# Notebook14 b) Combined Aspect Sentiment Model - Multi-class

This notebook brings together the best aspect models and the best sentiment model into one function, able to take in single raw reviews. This includes:

* 3 multi-class aspect models
* a binary sentiment model

Current sample reviews taken from TripAdvisor for each category are used to test the model.

* Section 1 - Import libraries
* Section 2 - Import data and models
* Section 3 - Functions
* Section 4 - Testing the model



Note:Notebook 14 b) repeats this model but takes account of neutral reviews. The results of Notebooks 14 a) and 14 b) are compared by using sample reviews of each category and assessing how well each performs. The best model is then run with another sample of raw text reviews and results examined in Notebook 15.

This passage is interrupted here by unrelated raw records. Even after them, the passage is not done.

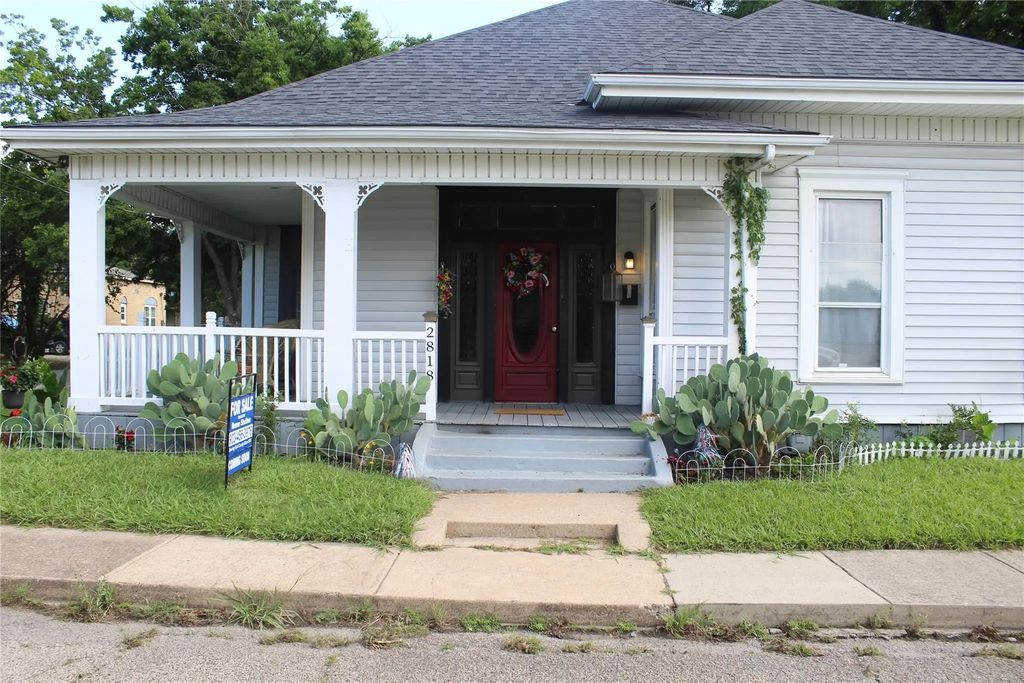 2818 S Blades Street, Greenville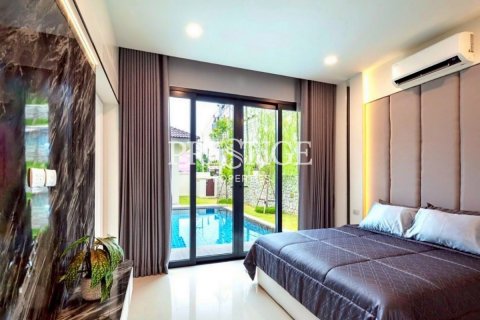 Casa de 3 dormitorios en Pattaya, Tailandia № 197768 - foto 10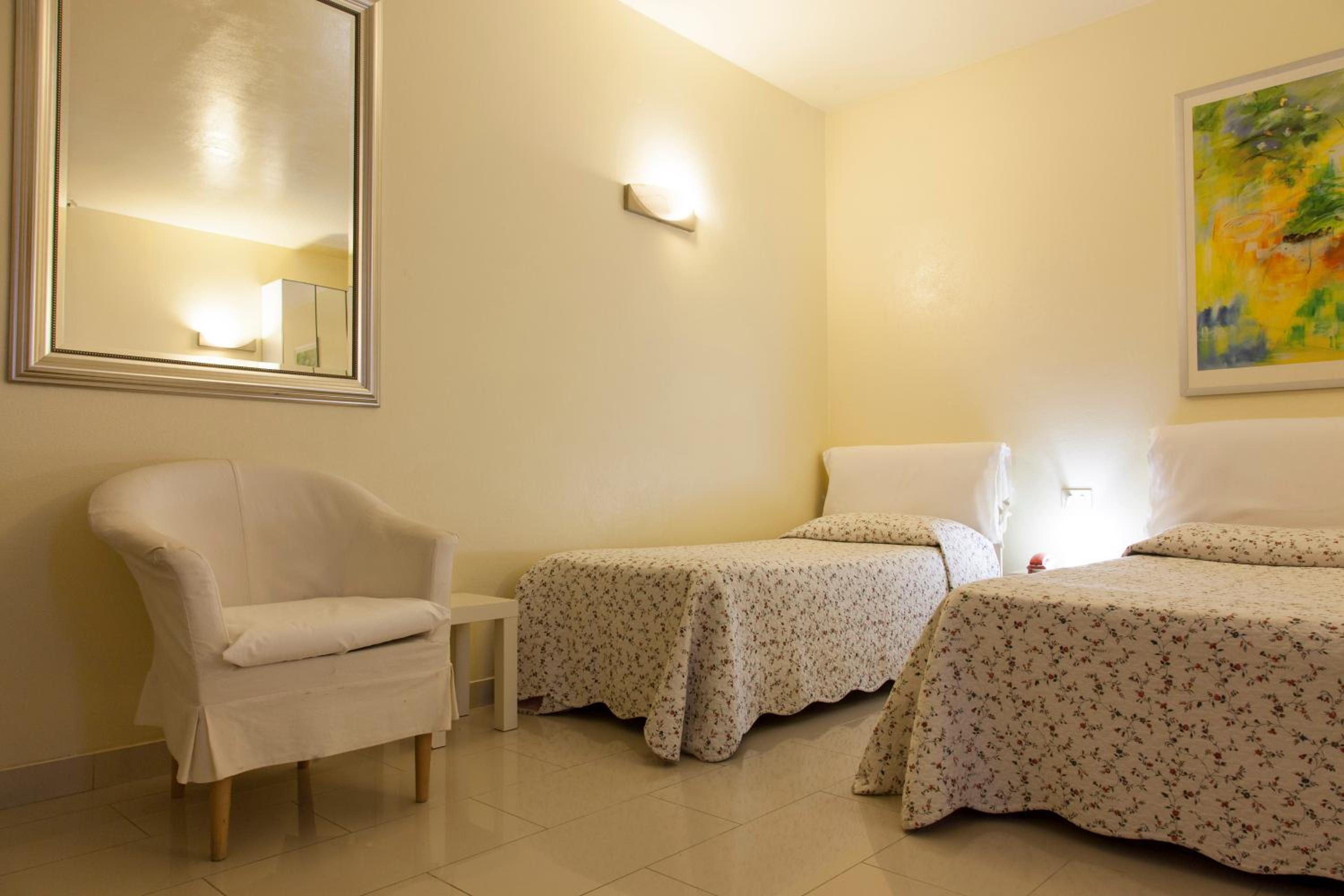 Triple Room with Private Bathroom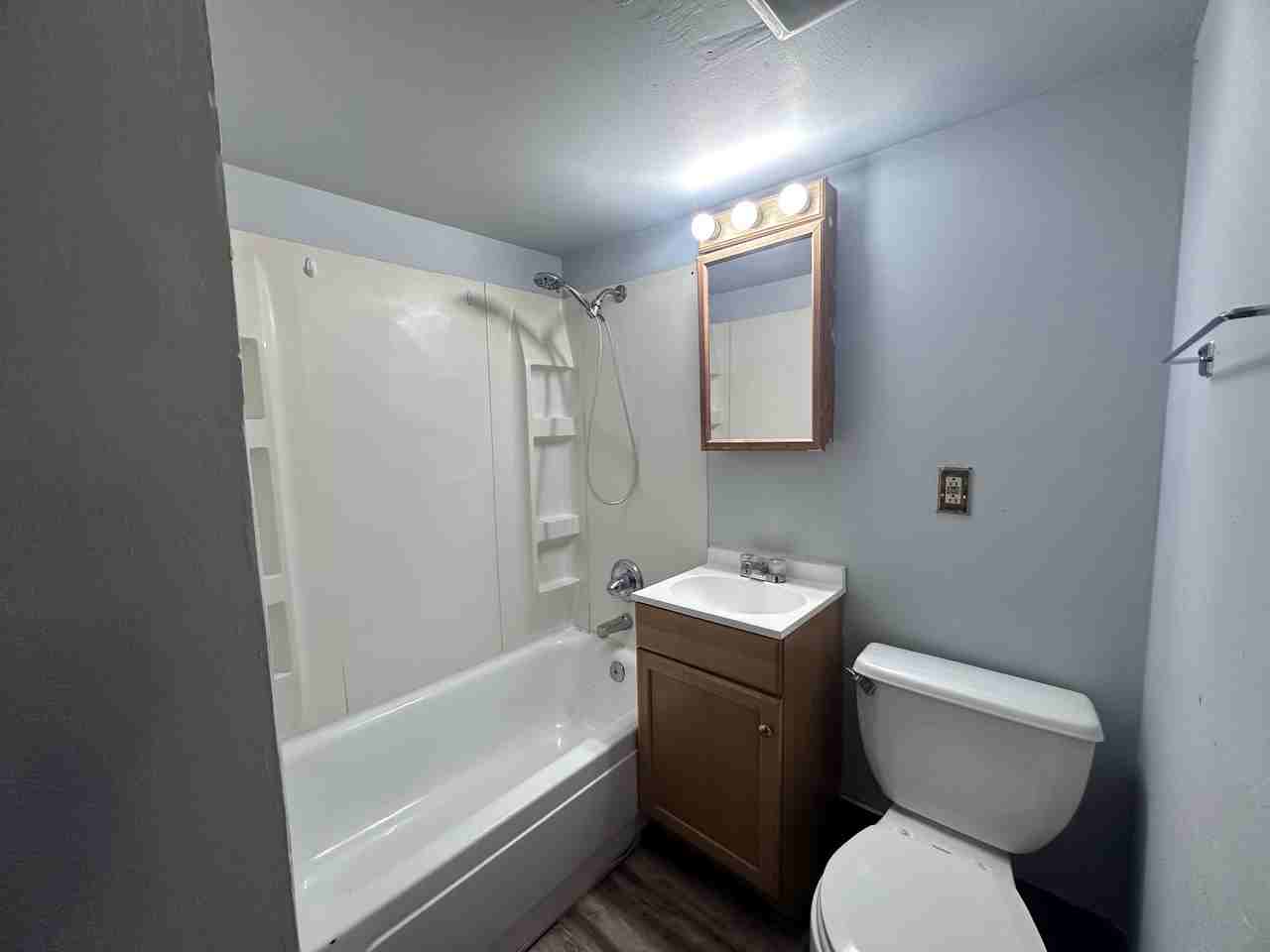 614 Chandler St - Photo 4 of 16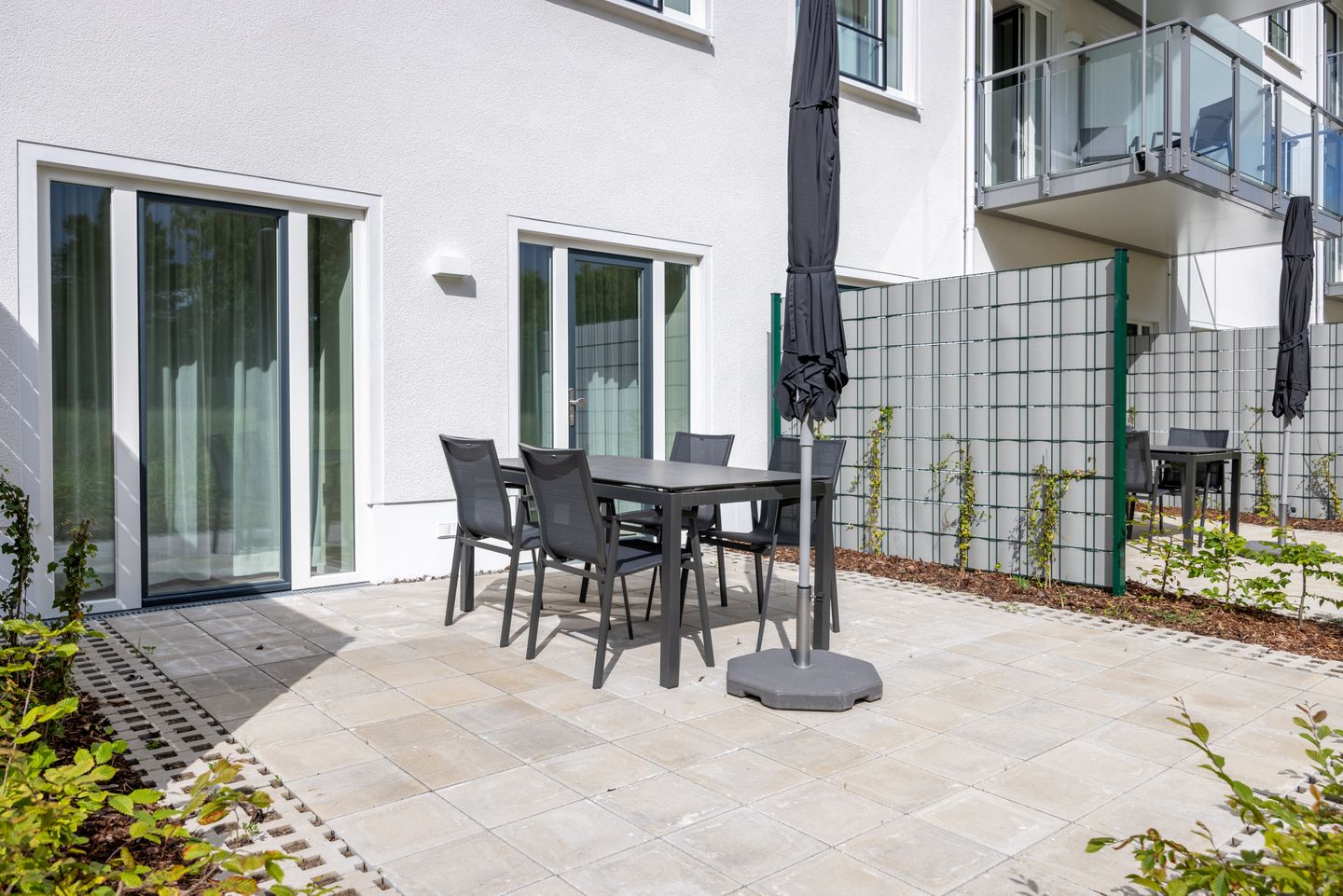 Strandresidenzen Binz-Prora Strandresidenzen Binz-Prora V0.3 Rügen - Terrasse mit Gartenmöbeln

# Section 1: Import libraries

In [12]:
import pandas as pd
import numpy as np
from textblob import TextBlob
from vaderSentiment.vaderSentiment import SentimentIntensityAnalyzer
from sklearn.svm import LinearSVC
import nltk
from nltk.tokenize import word_tokenize
from nltk.corpus import stopwords
from nltk.stem import WordNetLemmatizer
from sklearn import preprocessing
from sklearn.utils import class_weight
from keras.preprocessing.text import Tokenizer
from keras.callbacks import EarlyStopping,ModelCheckpoint
from keras.models import Sequential
from keras.layers import Dense,Flatten,Embedding,Dropout
import contractions
import pickle
import joblib
import string
import ast
import os
from spellchecker import SpellChecker
from keras.models import Sequential
from keras.preprocessing.sequence import pad_sequences
from keras.models import load_model
import warnings
warnings.filterwarnings('ignore')
from pandas import option_context

# Section 2: Import data and models

### Import Test data

In [13]:
def open_tok(name):
    with open(name, 'rb') as handle:
        file = pickle.load(handle)
        return file

### Import Tokenizers

In [73]:
# Tokenzier objects (all are TFIDF tokenizers except food which is Keras tokenizer object)
accom_tok = open_tok("accom_tok.pickle")
food_tok = open_tok("food_tokenizer.pickle")
attract_tok = open_tok("attract_tok.pickle")
sent_tok = open_tok('tok_sent_multiclass.pickle')

### Import Models

In [72]:
# Aspect models (Accom - ML Model SVM TFIDF, Food - Neural Network Model, Attract = ML Model SVM TFIDF)
model1 = joblib.load('best_model_accom.sav')
model2 = load_model('food.h5')
model3 = joblib.load('best_model_attract.sav')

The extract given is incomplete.